■ **Exercise instructions**
This exercise calls for an exact copy of the listing, with no pictures kept.

■ **The data**
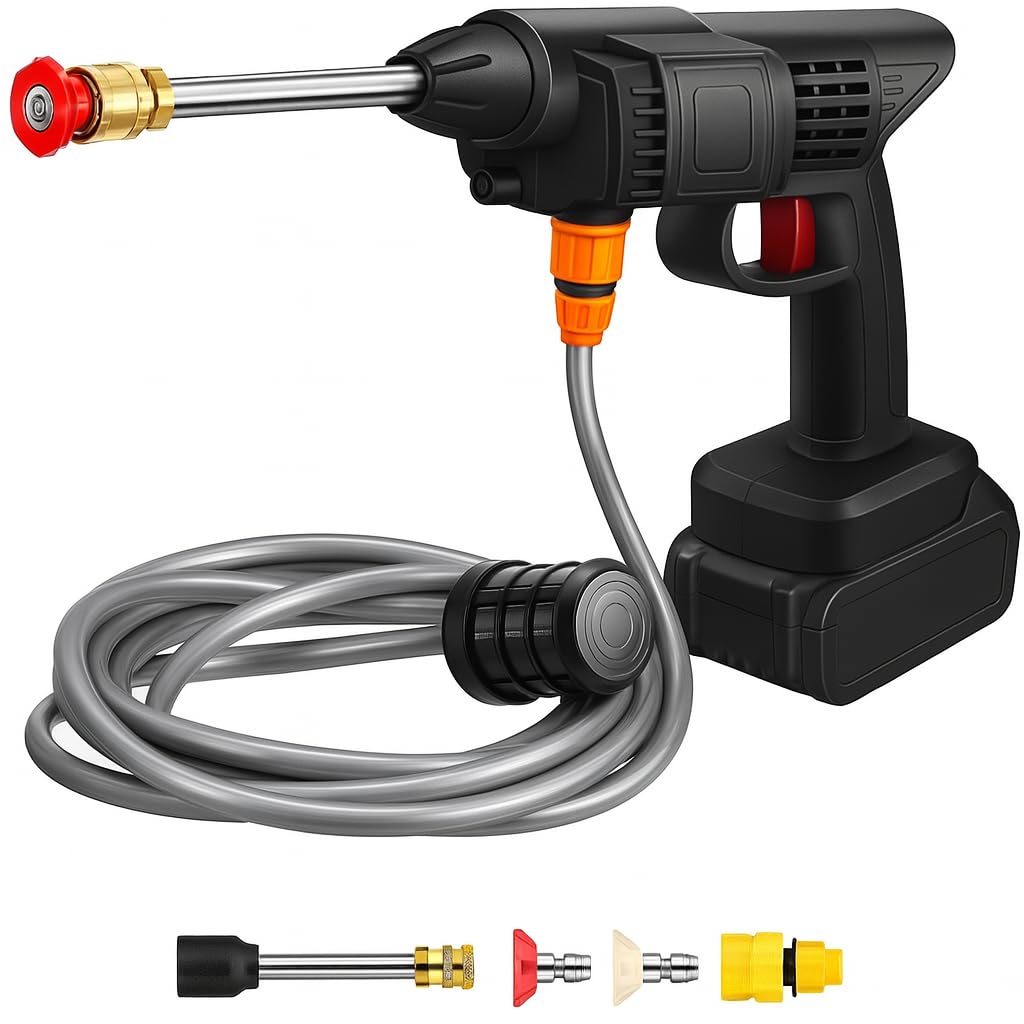 Fitto 48V High Pressure Washer - Car Washing Machine, Portable Electric Pressure Cleaner, Powerful 1800W, Ideal for Cars, Bikes, Driveways, Patios & Outdoor Cleaning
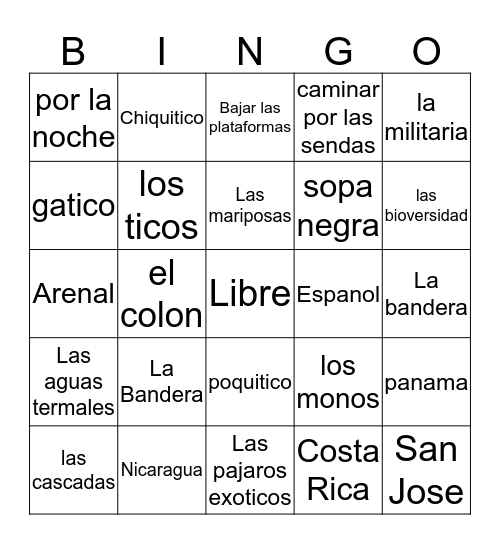 Vocab  Bingo Card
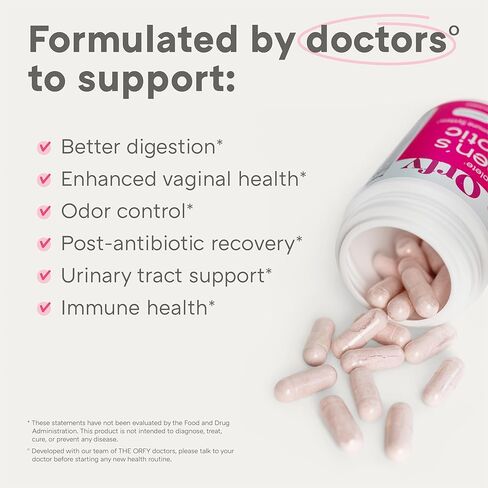البروبيوتيك الكامل للنساء - الصحة المهبلية، وUT، والجهاز الهضمي والمناعي - 60 مليار وحدة تشكيل مستعمرة، و16 سلالة بروبيوتيك، والبريبايوتكس والبروبيوتيك مع الريحان المقدس - مرة واحدة يوميًا، 30 عددًا in Kuwait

■ **Finished task**
 Fitto 48V High Pressure Washer - Car Washing Machine, Portable Electric Pressure Cleaner, Powerful 1800W, Ideal for Cars, Bikes, Driveways, Patios & Outdoor Cleaning
 Vocab  Bingo Card
البروبيوتيك الكامل للنساء - الصحة المهبلية، وUT، والجهاز الهضمي والمناعي - 60 مليار وحدة تشكيل مستعمرة، و16 سلالة بروبيوتيك، والبريبايوتكس والبروبيوتيك مع الريحان المقدس - مرة واحدة يوميًا، 30 عددًا in Kuwait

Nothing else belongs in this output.